If you love locally run Gemini, this model is for you. Otherwise, don't bother, and go for the actual Gemini, since that one is smarter and has a better context (this one is barely usable on 64k). Hybrid thinking is never a good idea, as we've seen in Qwen3's example. Keep in mind, I tested the model in role-playing/creative writing scenarios. It might do better at coding.
To devs, don't mind my harsh review, I have very high expectations. The gooner crowd is very tough to please. Keep up the good work and cheers.
Lol, tru. GLM-4.5 performs better at coding and agentic capabilixties. But with such a cost of API, what can I say? Not bad.
tru,lol
Trying to use this for RP/writing on OpenRouter. It's available on NanoGPT, but seems to still be set to placeholder pricing (ie. $200.00 input rate, lol). (Edit: It's no longer on placeholder pricing and is now priced at $0.20 input).
So I do like how it's very cheap pricing. Even at filled 24k ctx it only uses $0.015 per inference. Gemini-2.5 is free tho, and free beats cheap, so I still give the nod to Gemini-2.5-Pro.
I noticed Chat Completion caused group chat chars to speak as each other in other char messages. Text Completion seems to fix this.

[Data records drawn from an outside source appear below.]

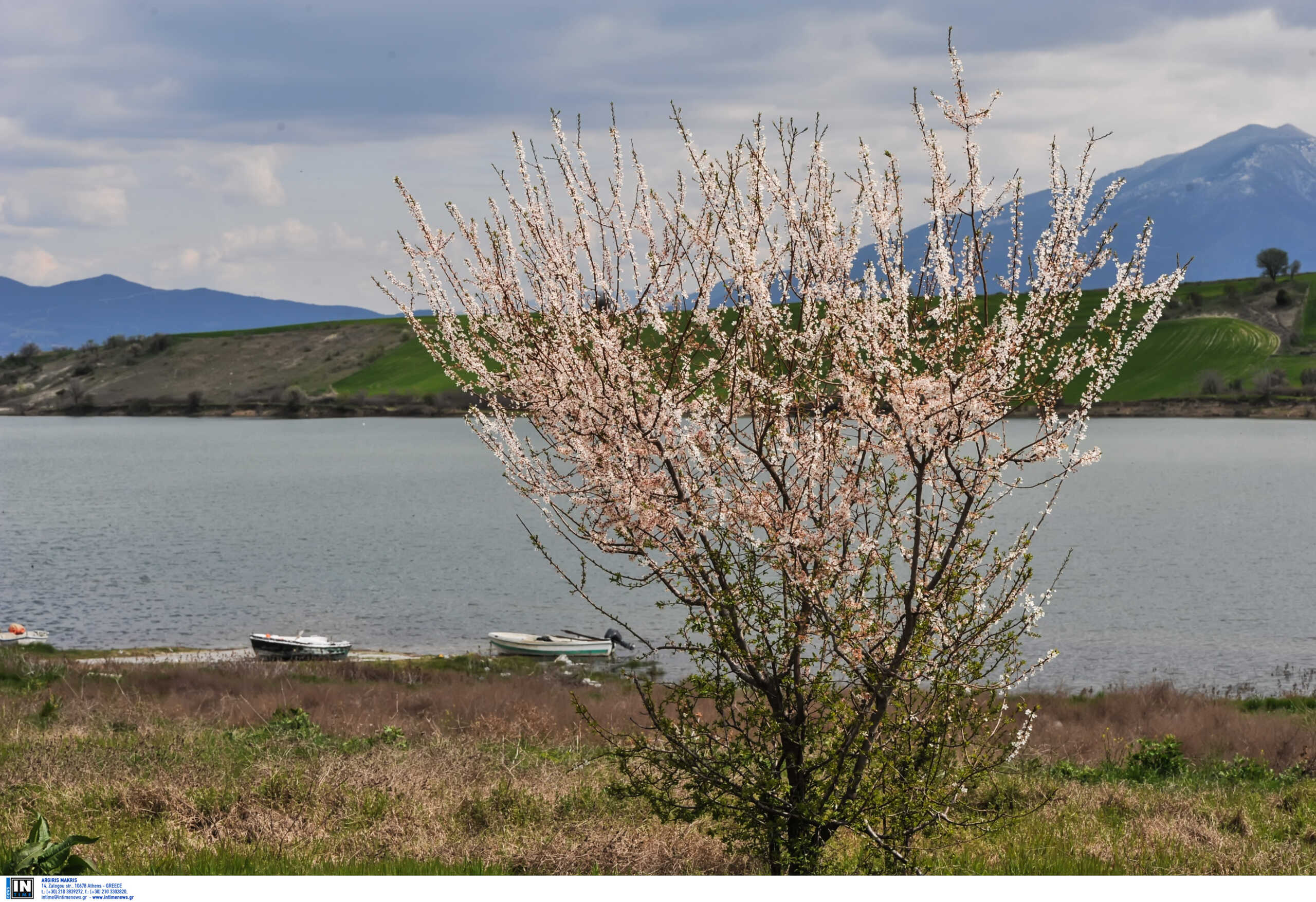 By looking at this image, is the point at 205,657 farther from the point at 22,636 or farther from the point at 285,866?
the point at 285,866

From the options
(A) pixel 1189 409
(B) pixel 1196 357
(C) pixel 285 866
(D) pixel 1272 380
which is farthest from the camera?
(B) pixel 1196 357

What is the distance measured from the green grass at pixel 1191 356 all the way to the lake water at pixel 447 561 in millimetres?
Result: 55461

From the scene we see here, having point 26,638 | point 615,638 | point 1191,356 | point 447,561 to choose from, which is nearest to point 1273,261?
point 1191,356

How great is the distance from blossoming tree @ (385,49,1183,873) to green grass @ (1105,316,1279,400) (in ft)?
570

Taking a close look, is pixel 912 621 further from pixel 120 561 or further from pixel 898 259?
pixel 120 561

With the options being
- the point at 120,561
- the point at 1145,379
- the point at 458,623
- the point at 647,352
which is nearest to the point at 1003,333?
the point at 647,352

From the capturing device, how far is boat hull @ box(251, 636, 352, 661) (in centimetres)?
3675

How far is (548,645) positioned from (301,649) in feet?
27.9

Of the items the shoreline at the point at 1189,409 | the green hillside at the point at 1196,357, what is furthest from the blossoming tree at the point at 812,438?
the green hillside at the point at 1196,357

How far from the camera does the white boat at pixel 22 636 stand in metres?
39.3

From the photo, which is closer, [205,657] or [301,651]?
[301,651]

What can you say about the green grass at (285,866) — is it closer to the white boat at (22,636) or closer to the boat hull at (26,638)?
the boat hull at (26,638)

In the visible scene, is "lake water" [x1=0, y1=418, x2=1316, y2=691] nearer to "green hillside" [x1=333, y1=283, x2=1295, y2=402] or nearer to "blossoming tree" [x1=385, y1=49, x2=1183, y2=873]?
"blossoming tree" [x1=385, y1=49, x2=1183, y2=873]

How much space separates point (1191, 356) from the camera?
17262 cm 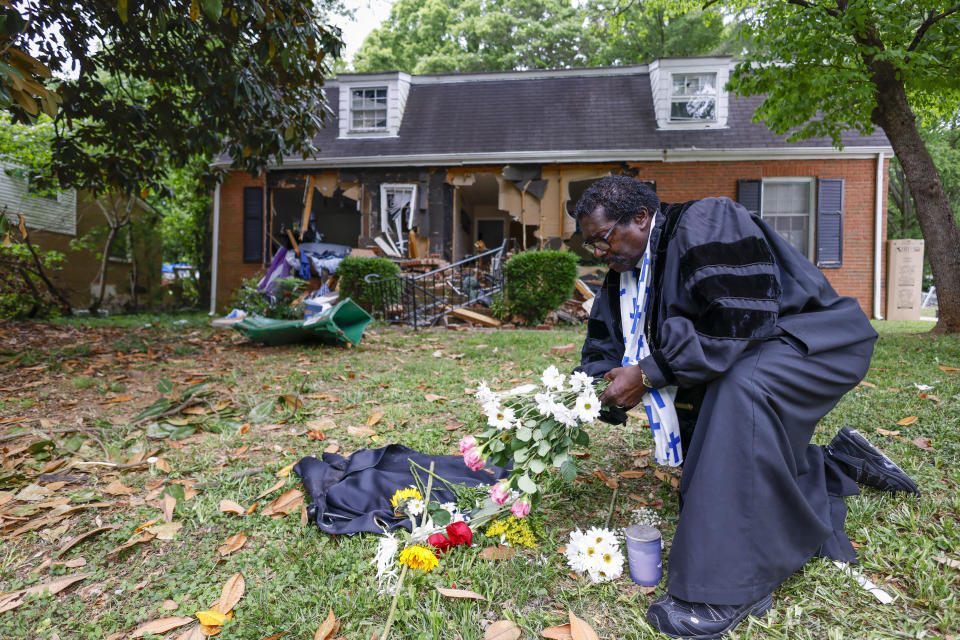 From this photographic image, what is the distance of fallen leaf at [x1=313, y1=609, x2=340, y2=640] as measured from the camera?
1.62 metres

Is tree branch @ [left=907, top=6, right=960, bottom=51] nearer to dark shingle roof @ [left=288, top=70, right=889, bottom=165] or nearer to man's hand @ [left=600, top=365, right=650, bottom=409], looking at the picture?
dark shingle roof @ [left=288, top=70, right=889, bottom=165]

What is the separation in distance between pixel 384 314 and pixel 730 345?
314 inches

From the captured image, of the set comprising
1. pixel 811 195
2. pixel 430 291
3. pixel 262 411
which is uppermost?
pixel 811 195

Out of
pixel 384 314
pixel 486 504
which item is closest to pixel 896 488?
pixel 486 504

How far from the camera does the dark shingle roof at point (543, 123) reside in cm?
1164

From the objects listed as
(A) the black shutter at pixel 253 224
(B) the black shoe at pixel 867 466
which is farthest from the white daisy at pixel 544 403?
(A) the black shutter at pixel 253 224

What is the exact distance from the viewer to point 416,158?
1193 centimetres

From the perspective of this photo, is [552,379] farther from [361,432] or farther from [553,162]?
[553,162]

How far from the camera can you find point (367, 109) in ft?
43.1

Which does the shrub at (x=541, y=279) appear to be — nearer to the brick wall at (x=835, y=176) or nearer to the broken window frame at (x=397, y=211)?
the brick wall at (x=835, y=176)

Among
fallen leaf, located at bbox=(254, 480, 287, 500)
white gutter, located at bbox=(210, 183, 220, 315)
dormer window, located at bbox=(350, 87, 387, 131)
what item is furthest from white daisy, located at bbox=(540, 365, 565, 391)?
white gutter, located at bbox=(210, 183, 220, 315)

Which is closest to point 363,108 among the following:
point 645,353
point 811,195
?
point 811,195

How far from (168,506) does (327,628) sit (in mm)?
1282

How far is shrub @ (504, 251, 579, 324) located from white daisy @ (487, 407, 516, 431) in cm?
690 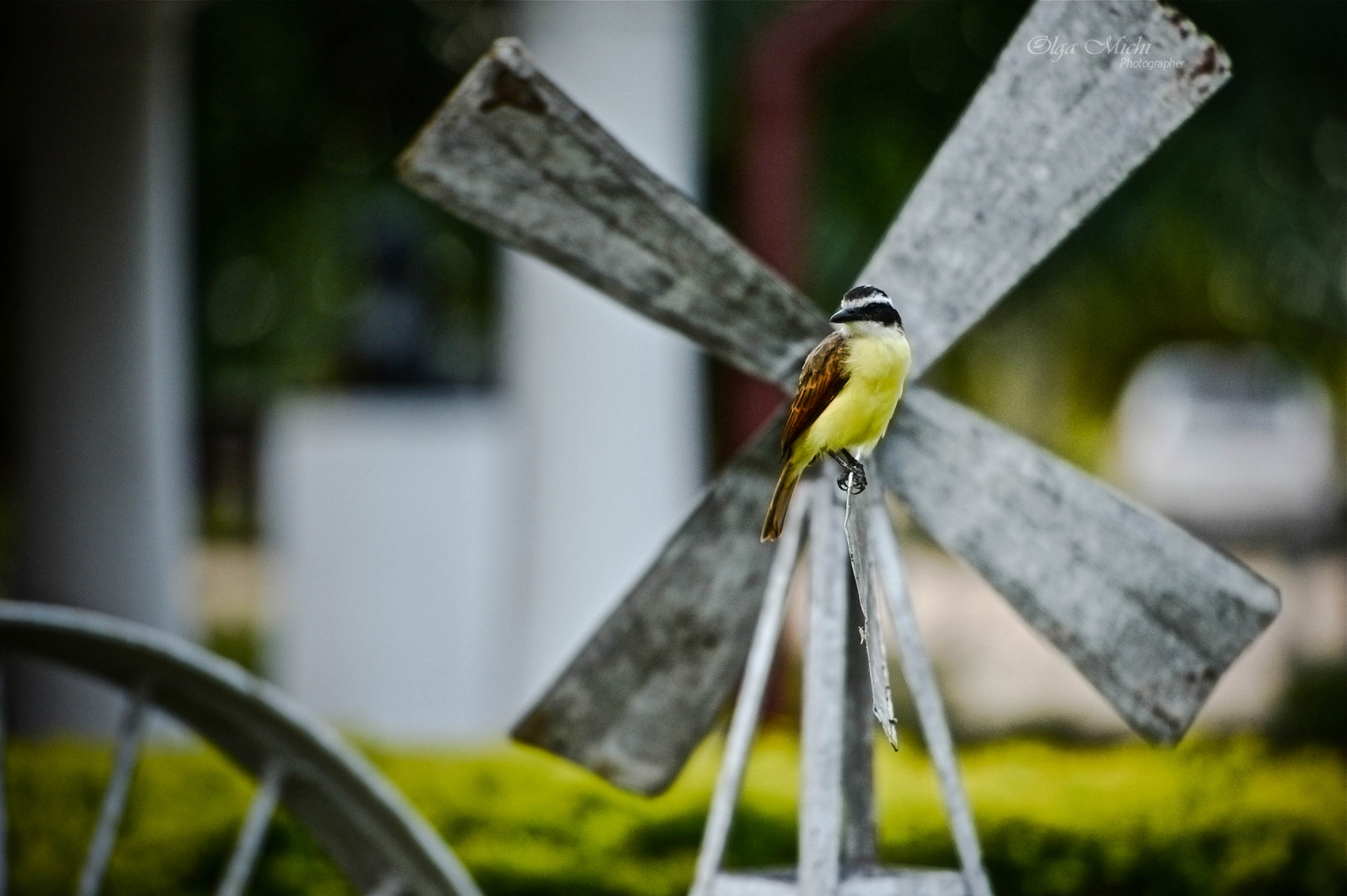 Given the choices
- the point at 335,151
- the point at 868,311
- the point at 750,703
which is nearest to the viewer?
the point at 868,311

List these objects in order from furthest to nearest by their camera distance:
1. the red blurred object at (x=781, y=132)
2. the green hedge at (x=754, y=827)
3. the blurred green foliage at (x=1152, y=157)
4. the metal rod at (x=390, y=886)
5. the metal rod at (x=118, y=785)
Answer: the blurred green foliage at (x=1152, y=157) < the red blurred object at (x=781, y=132) < the green hedge at (x=754, y=827) < the metal rod at (x=390, y=886) < the metal rod at (x=118, y=785)

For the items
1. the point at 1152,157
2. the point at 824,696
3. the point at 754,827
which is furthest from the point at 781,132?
the point at 824,696

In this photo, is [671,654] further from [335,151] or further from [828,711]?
[335,151]

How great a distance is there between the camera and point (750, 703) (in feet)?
6.83

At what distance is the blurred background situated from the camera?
6.50 m

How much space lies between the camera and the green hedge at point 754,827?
4199 millimetres

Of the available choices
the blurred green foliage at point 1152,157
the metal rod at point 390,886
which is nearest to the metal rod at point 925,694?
the metal rod at point 390,886

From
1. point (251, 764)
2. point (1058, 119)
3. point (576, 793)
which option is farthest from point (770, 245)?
point (1058, 119)

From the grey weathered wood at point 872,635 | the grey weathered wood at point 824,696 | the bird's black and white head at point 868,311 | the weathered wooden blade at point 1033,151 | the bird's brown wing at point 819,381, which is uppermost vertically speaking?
the weathered wooden blade at point 1033,151

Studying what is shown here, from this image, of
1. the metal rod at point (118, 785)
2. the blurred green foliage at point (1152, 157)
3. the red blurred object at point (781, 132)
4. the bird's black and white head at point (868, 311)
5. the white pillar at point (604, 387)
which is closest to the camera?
the bird's black and white head at point (868, 311)

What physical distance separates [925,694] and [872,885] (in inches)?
10.2

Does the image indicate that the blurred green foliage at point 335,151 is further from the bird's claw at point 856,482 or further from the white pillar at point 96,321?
the bird's claw at point 856,482

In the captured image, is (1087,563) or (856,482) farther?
(1087,563)

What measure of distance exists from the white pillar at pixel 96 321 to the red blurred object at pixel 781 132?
2.53 meters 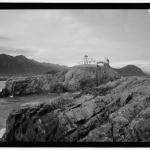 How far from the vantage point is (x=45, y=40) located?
17.8 ft

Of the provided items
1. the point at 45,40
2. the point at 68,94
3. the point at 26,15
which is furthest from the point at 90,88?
the point at 26,15

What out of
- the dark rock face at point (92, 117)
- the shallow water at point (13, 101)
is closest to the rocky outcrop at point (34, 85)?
the shallow water at point (13, 101)

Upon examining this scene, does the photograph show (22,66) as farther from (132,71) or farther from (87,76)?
(132,71)

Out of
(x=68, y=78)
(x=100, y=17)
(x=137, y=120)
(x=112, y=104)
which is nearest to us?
(x=137, y=120)

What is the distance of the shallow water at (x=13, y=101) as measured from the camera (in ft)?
16.5

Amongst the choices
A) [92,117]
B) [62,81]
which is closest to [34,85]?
[62,81]

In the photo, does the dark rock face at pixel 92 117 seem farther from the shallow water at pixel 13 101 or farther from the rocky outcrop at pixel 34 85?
the rocky outcrop at pixel 34 85

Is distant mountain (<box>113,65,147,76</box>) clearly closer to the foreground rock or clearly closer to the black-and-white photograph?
the black-and-white photograph

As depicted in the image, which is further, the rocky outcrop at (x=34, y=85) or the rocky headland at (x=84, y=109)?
the rocky outcrop at (x=34, y=85)

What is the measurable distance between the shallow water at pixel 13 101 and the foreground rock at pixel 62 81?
145mm

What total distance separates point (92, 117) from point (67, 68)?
4.90ft

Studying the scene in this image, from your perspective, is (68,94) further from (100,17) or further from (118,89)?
(100,17)

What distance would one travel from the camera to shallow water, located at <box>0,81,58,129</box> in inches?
198

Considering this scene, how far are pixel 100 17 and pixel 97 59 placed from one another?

It's also slower than Gemini-2.5-Pro, and I know it's unfair to compare GLM-4.5 via OpenRouter to Google's main servers, but it is what it is. It's also possible OpenRouter is getting slammed as I randomly get "too many request" error messages, so hopefully the situation improves.
I'm going to hold off reviewing the writing until I see more as OpenRouter is just way too slow or unresponsive with it atm.